▶ [WHAT NEEDS TO BE DONE] Would you restate the entries below exactly, keeping every line?

═════ THE DATA

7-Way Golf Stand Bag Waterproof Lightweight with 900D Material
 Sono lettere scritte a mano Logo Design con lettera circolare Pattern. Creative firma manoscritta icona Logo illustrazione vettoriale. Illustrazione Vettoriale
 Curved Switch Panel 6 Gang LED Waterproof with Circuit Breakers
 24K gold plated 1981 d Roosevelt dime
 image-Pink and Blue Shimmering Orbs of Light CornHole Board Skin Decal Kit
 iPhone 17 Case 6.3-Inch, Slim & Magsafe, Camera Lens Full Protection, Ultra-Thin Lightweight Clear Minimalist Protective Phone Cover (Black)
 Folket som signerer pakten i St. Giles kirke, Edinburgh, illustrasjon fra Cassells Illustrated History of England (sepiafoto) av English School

══════════

▶ [RESPONSE TO THIS EXERCISE]
7-Way Golf Stand Bag Waterproof Lightweight with 900D Material
 Sono lettere scritte a mano Logo Design con lettera circolare Pattern. Creative firma manoscritta icona Logo illustrazione vettoriale. Illustrazione Vettoriale
 Curved Switch Panel 6 Gang LED Waterproof with Circuit Breakers
 24K gold plated 1981 d Roosevelt dime
 image-Pink and Blue Shimmering Orbs of Light CornHole Board Skin Decal Kit
 iPhone 17 Case 6.3-Inch, Slim & Magsafe, Camera Lens Full Protection, Ultra-Thin Lightweight Clear Minimalist Protective Phone Cover (Black)
 Folket som signerer pakten i St. Giles kirke, Edinburgh, illustrasjon fra Cassells Illustrated History of England (sepiafoto) av English School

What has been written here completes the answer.